▶ _AIM OF THE TASK_: A verbatim copy of all the data is required; the pictures should not appear in it.

==== STORED DATA

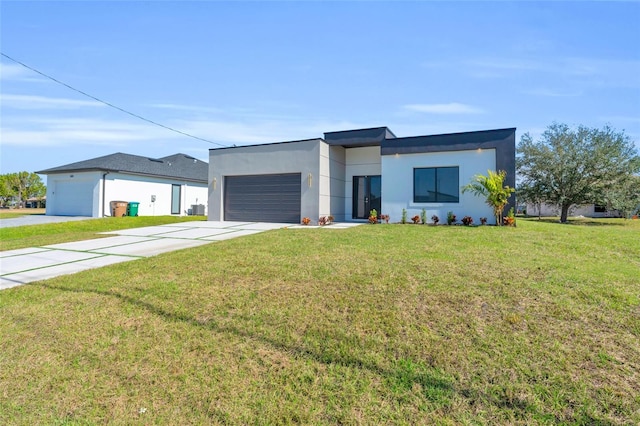 contemporary house with a garage and a front lawn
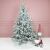 Christmas tree decorated with pink and blue Springos ornaments in a room setting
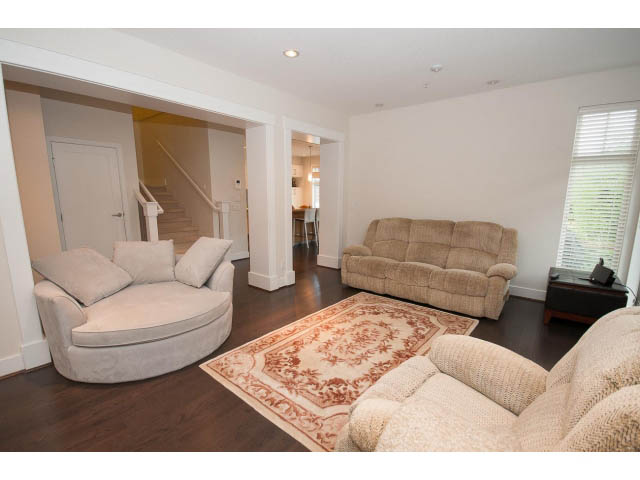 Spacious living room with hardwood floors, plush furniture, and a large window. - 26 - 555 Raven Woods Drive, North Vancouver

========

▶ _COMPLETED TASK_:
 contemporary house with a garage and a front lawn
 Christmas tree decorated with pink and blue Springos ornaments in a room setting
 Spacious living room with hardwood floors, plush furniture, and a large window. - 26 - 555 Raven Woods Drive, North Vancouver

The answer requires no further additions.